‘'Dünyada kusursuz iki insan vardır: Biri ölmüştür diğeri de hiç doğmamıştır.' -Çin atasözü
Kusur Nedir? TDK'ye göre kusur eksik, noksan, bozukluk, özür, sakatlık anlamına gelir. Bu tanımlama gerçekte çok şey ifade etmemesine rağmen kusurların doğasına değinilmesi önem arzetmektedir.
İnsanoğlunun yaratılışından itibaren kusursuzluğun neye göre eksik neye göre bozuk olduğu konusuna açıklık getirilemiyorken kavramların çoğu kendisini zıddıyla var ediyor.
Kusur ya da kusursuzluk, iyi veya kötü, karanlık veya aydınlık gibi birçok kavram zıddıyla beraber kıymetliyken, sürekli peşinde olduğumuz kusursuzluk nedir ki ondan farklı olan şey kusurlu olabiliyor?
Şüphesiz kusursuz olan bir şey var mıdır diye sorulduğunda alacağımız tek yanıt vardır. O da Yaratıcı!
Bilim insanları evrenin işleyişini de kusursuz olarak tanımlarlar. Çünkü bildiğimiz astronomi kuralları dışına çıkmaz evren. Bu da demek oluyor ki kusursuzluk bazen tutarlıkla eş değer olabiliyor. Peki, bu kadar tutarsızlıkların içinde kusursuzu aramak neden?
Kusur dediğimiz kavramı kişinin sadece bedeninde aramamız normal mı? Hepimiz günlük hayatımızda kusursuz bedenlerin yanında kusursuz arkadaşlıklar, kusursuz ilişkiler, kusursuz çocuklar için çabalarız. Bu da kişiyi olduğu gibi, yani kendisini ve karşısındakini olduğu gibi kabul etme anlayışını ortadan kaldırabiliyor.
Peki, kusur diye dayatılan şey nedir? Kusursuz fizikler m? Kusursuz düşünceler mi? Kusursuz giyimler m?
Hayat, ev, ten rengi, yemek, araba, eş, boy gibi sayılabilecek özellik var kusursuz olması beklenilen. Kusursuzluğun standartlarına uygun olanlar mı güzel, yoksa özgün olanlar mı?
Bana kalırsa özgün olan hem güzeldir hem de kusursuzdur. Güzel olmayanın birer kusur olduğuna ikna edilmişizdir hep. Çünkü kusursuzluk vasatlıktır, sahtedir, taklittir. Aslında kusuru olmayan kusurludur.
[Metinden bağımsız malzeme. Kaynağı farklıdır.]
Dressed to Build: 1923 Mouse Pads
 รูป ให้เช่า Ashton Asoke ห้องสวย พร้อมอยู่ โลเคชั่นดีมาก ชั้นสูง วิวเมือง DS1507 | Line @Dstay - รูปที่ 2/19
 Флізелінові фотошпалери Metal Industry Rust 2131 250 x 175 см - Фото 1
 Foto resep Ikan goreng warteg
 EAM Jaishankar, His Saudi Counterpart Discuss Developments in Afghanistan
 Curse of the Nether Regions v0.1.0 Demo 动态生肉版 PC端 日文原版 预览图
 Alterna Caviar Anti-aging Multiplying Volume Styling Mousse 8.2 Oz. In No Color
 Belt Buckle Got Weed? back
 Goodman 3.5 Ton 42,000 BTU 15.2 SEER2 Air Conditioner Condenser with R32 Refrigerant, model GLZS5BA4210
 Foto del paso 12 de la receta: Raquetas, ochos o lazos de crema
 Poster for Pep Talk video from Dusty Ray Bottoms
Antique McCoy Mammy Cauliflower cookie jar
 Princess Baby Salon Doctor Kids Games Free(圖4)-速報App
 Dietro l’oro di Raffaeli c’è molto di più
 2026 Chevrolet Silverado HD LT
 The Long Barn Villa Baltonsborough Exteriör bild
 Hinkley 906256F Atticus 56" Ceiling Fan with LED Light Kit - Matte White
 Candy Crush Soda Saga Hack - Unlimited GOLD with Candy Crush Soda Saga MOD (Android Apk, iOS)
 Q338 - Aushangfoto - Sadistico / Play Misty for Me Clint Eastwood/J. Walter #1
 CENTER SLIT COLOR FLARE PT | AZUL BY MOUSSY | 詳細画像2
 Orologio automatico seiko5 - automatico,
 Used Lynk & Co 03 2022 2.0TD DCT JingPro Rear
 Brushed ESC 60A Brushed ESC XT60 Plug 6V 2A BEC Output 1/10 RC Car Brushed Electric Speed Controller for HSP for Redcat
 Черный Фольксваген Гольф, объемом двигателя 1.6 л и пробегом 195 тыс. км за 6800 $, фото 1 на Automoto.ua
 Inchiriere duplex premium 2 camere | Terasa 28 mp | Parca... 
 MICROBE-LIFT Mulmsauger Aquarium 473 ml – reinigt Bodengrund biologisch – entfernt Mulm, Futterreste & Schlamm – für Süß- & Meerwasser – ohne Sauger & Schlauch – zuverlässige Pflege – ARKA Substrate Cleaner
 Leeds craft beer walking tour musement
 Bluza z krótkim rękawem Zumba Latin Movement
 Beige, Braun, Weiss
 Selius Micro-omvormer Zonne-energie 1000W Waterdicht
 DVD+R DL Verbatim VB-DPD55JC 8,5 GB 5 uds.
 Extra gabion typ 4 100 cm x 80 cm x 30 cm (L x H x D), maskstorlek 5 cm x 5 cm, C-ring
Fakat bizden istenen kusurların araştırılması, kusurların öne çıkarılması değildir. Kamil insan veya mümin insan kimsenin kusurunu, hatasını araştırmaz. Tam tersine hep kendi kusuruna, kendi hatasına bakar ve hatalarını düzeltmeye çalışır.
“...Birbirinizin kusurunu araştırmayın...” (Hucurat, 49/12)
Nâil-i Kadîm'in ifadesi ile:
Nâzır bulunma aybına âlemde kimsenin
Bedhâh-ı nâkesân bile olma kerim isen.
Bakma dünyada kimsenin kusuruna
Şerefli bir kimse isen başkalarının kötülüğünü isteyen alçak kimse olma.
Kusur dayatması var ise ve kusursuzluk ideal olarak öne çıkarılıyorsa ya ticari bir hedef vardır ya da insanı Tanrılaştırma çabası.
Kusura bakmayın ama kusursuz insan olamaz!